KUTVニュース

“立春”祝い酒を出荷 高知・佐川町

きょうは二十四節気の一つ、「立春」。暦の上では春の始まりとされる日です。春の訪れを祝う縁起物の酒が、高知県佐川町の蔵元から出荷されました。

立春の朝、佐川町の司牡丹酒造では、「立春朝搾り」の出荷作業に追われていました。例年は地元の酒店の店主らが集まり、瓶にラベルを貼るなど出荷作業を手伝いますが、今年は新型コロナの影響で、蔵元のみで行われました。

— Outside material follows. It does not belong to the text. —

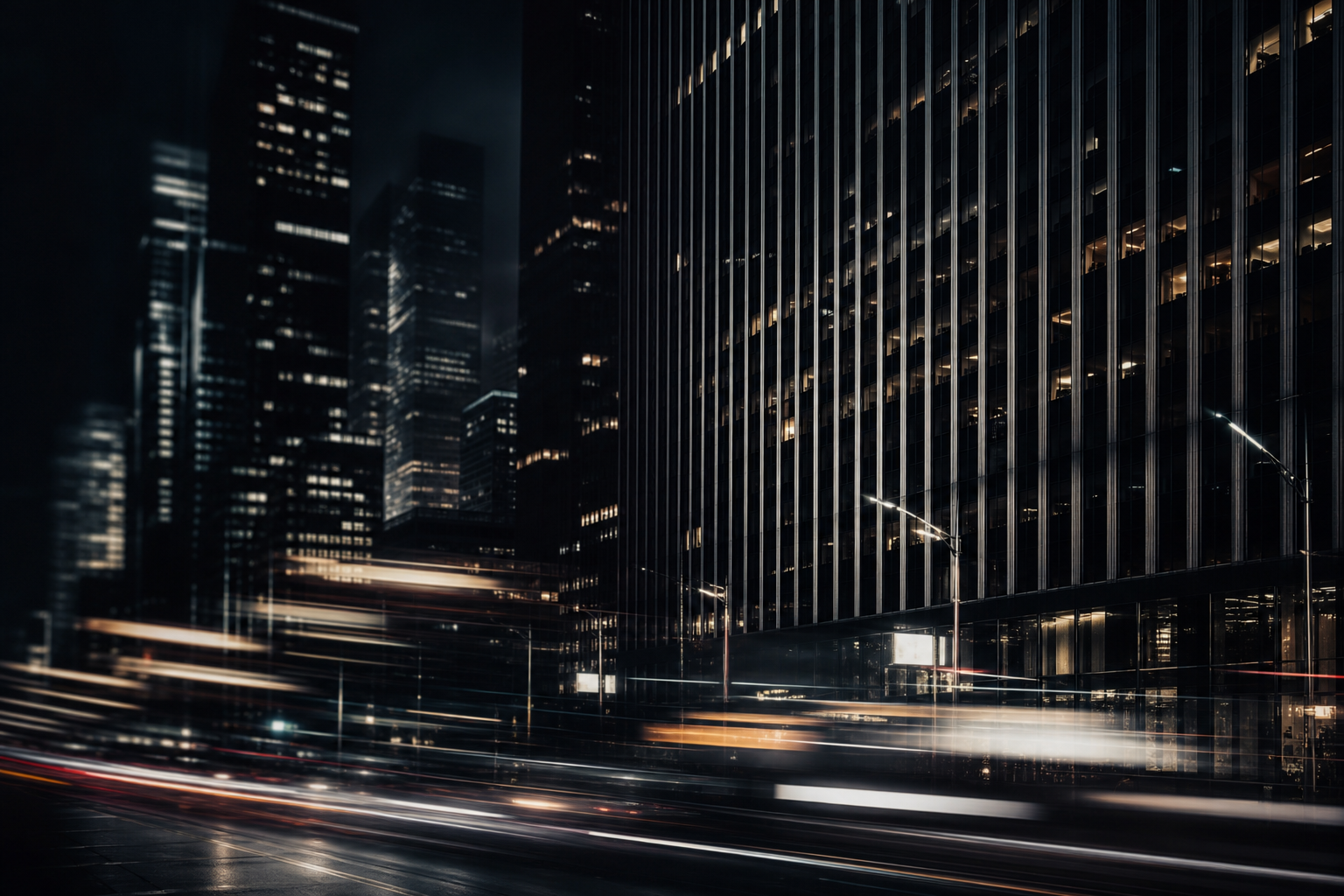 Motion-blurred Manhattan building facades at night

立春朝搾りは立春の朝に搾る酒をその日のうちに楽しんでもらおうと、全国の蔵元などでつくる日本名門酒会の44の蔵元が醸造しています。特別な純米吟醸酒で、うすいにごりがあるのが特徴です。縁起物として人気が高く、司牡丹酒造には今年も四国や関西を中心に、8300本あまりの注文が寄せられました。

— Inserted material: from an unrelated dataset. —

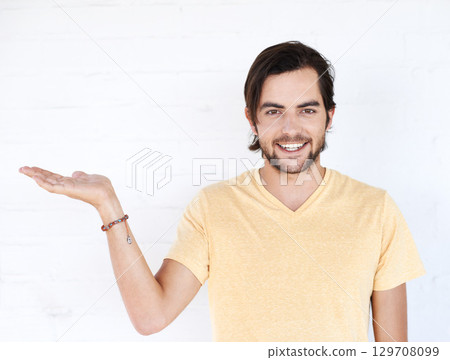 Mockup gesture, studio portrait and happy man with sales promo, luxury present gift or discount deal mock up. Marketing space, product placement or advertising model isolated on white background wall Mockup gesture, studio portrait and happy man with sales promo, luxury present gift or discount deal mock up. Marketing space, product placement or advertising model isolated on white background wall 129708099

搾る日が立春の朝と決まっていて、おいしく仕上げるためには熟練の技が必要だといいます。社長に今年の出来を聞いてみると。

「けさ搾ったばかりとは思えないぐらい完成度が高く、きれい。後口にふくらみも感じられて、キレもいい。おいしいお酒に仕上がっている。」(司牡丹酒造 竹村昭彦社長)

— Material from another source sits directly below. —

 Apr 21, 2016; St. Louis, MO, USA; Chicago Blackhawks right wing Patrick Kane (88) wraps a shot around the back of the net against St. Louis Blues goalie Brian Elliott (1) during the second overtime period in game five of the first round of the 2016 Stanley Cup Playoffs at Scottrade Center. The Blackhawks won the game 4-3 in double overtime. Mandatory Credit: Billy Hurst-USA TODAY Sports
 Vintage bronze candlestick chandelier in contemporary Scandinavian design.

出荷前には神事が行われ、開運招福や無病息災のほか、今年は特別に新型コロナウイルス終息への願いも込められました。

「立春の日が2月3日になったのが124年ぶりだそうですので、この意味のある立春朝搾りをたのしんでもらえたら。」(司牡丹酒造 竹村昭彦社長)

出荷の準備が整うと、蔵元を訪れた県内外の酒店の人たちが、その日のうちに客に楽しんでもらおうと、さっそく持ち帰っていました。司牡丹酒造の立春朝搾りは、県内20の酒店などで買うことができます。